As I drove home in tears I realized that the marks on my chest they drew on me come to the middle of my upper chest.  Which means the final shred of dignity is lost.  I was just warming up to my new figure and feeling OK with my new look and now I realize that any remotely v neck shirts will show my siren red sunburn.  Great.

So as I near my house this song comes on the radio.

http://su2c.standup2cancer.org/sutv/lift.php  (click on the picture of Ingred Michaelson)

And I am reminded that I made it through chemo.  I made it through the removal of both breast.  I made it through a cancer diagnosis.  I will always be broken.  But I am never alone.  I have a wonderful community of people around me.

Then I got home and I came in the door and three little munchkins yelled “mommy’s home” and raced to the door to greet me.

I just might go back to radiation tomorrow.


Strong One

September 7, 2008

 

“But she said, “Don’t call me Naomi; call me Bitter. The Strong One has dealt me a bitter blow. I left here full of life, and God has brought me back with nothing but the clothes on my back. Why would you call me Naomi? God certainly doesn’t.
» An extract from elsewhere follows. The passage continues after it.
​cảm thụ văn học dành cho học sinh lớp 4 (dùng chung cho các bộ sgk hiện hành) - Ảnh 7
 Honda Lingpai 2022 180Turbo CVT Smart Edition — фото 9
The Strong One ruined me.”  (Ruth 1:20-21)

 

The five stages of grief are denial, anger, bargaining, depression and acceptance.  If you’ve been diagnosed with cancer, you are probably somewhere between denial and acceptance or you have past through this journey.  I went through them.  I’m still going through them.

 

Tomorrow I start radiation.  Six weeks, everyday.  I am left to wonder how I might fair through all of this.  I have heard that some people fair better than others.  The biggest complaints are a sunburn feeling, including some as bad as blisters and fatigue.  Considering that I am fair skinned and grew up having allergic reactions to the sun called a sun rash at the beginning of every summer….I am a little fearful.

 

I am also a little angry.  I am just healing from the mastectomies.  I have worked diligently over the past two weeks to stretch and massage my scar as much as possible in hopes that I might fair better through radiation, but I still wake up every morning tight and I have to stretch again.  Sometimes in the mornings I wonder if all my work to gain flexibility is in vain.  But the truth is that I feel better than I did a few weeks ago even if I am sore every morning.

 

Every step of this process has forced me through these stages.  Obviously the early days were worse than they are today as I start radiation, but I have gone through denial at each step.  Last week I emailed my oncologist just to double check that I REALLY needed to do radiation. 

 

So I can identify with Naomi here.  Maybe you can too.  Maybe you have breast cancer, or maybe you have lost someone you love or maybe you’re being forced to trek through new territories. 

 

I am tempted at times to think that the Strong One has dealt me a bitter blow, but the truth is…..I think he’s angry for me today too.  Let me explain….

 

I view God in so many different ways.  I love the way the Message Bible translates Naomi’s description of God here as “Strong One.”  Without a doubt I believe He was strong enough to take away my cancer.  But He was also strong enough to allow me to have it as well.  AND he is also my friend and I have a personal relationship with Him and I believe He mourns with me and is angry with me and rejoices with me just as my best friend would.

 

When I was in college ministries I had a student who was angry with God.  There was just a lot of junk in her life and it just wasn’t a good idea to defend God at that present moment.  I just reminded her that Jesus cried out on the cross “My God, my God, why have you forsaken me.”  I can’t know exactly what Jesus was thinking at that moment, but I think He felt forsaken and maybe even a bit angry hanging on that cross in humiliation and unimaginable agony.  He had a genuine relationship with the Father, He could be real.  You can be real with someone when you have built a relationship with them.

 

So be angry with God.  He is a big God.  I have shed a tear or two with Him over these past months and I probably will again tonight as I brave this unknown territory.  But He has been my rock so far.  He has gotten me through days I never thought would end.

 

He is the Strong One.  He is your Friend.